Wednesday, February 27, 2013

The End of the Internet



Little A. truly earned his white belt in tae kwon do today. He worked hard, waited patiently, did as his instructors asked, got nervous and broke that board anyway. I could not be more proud of him.

And, after we went over his new TKD book and read about how he’s supposed to behave at home, he answered, “Yes, ma’am” or “yes, Mommy” to EVERYTHING I asked him. I am truly in awe of the miracle of martial arts.

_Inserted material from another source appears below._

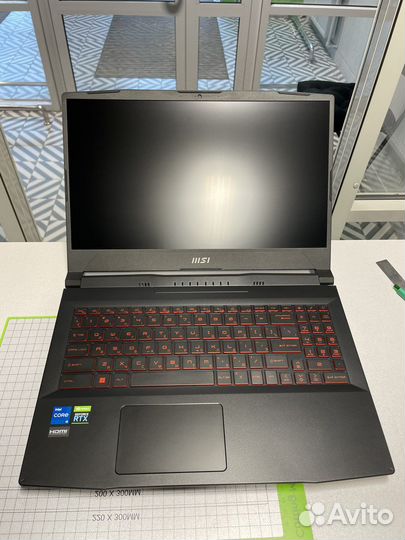 MSI Katana GF66 12UE-1053XRU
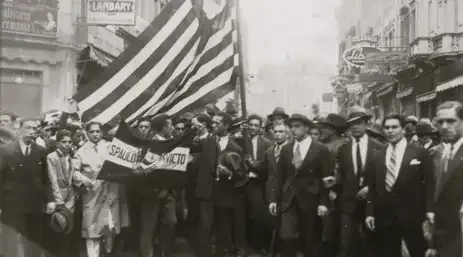 Manifestantes na Rua XV de Novembro, em São Paulo-SP, durante os protestos ocorridos em 23 de maio de 1932. Foto: Wikimedia Commons/ Divulgação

It works, people.

In honor of Little A.’s big accomplishment, I’m posting about another of the things I love about him.

With Little A., I’m a good mom for having my cell phone at the ready while I eat lunch with him. I literally cannot answer all his questions. So recent searches on my phone include “do gas giants have north and south poles” and “can tarantulas kill humans” and “do tumbleweeds have roots” and “image t-rex making bed.”

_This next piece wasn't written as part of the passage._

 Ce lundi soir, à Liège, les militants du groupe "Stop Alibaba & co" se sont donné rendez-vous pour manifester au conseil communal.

Okay, so that last one was just for fun. But he loved it.

Today, the scene began as I was still preparing food. So picture me microwaving, cutting off crusts, slicing apples, and generally staying busy during all this—unable to reach my phone full of facts.

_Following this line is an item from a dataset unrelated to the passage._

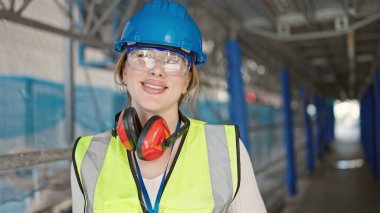 Genç sarışın mimar sokakta kendine güvenen.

“What animals have the best sense of smell, Mommy?”
(Frantically recalling recent conversations) “Umm, vultures, sharks, hyenas, dogs…”
“And t-rexes!”
“Okay, yep. I just didn’t list them because they’re extinct.”
“But they had to smell to find food.”
“Yep, all those animals do.”
“Vultures don’t need to catch food—they eat dead things.”
“True, but they have to smell them from far away to find them.”
“Can vultures smell dead things here from Africa?”
“Not quite that far.”
“Do vultures live in the desert?”
(Dredging up memories of vulture-in-desert photos) “Yes, they live just about everywhere.”
At this point, I babble on about what it means to adapt to different environments.
“Oh. So, can vultures adapt to anything?”
“Almost anything.”
At this point we somehow moved from the various permutations of growing fur to…
“Can mommy dogs only have puppies if they have a daddy dog friend or can they do it themselves?”

Yeah, um, son? I don’t care what I can Google on my phone, we’re not discussing either canine intercourse or parthenogenesis right now.

There is a limit to what the internet can do for you. We have reached the end of the internet.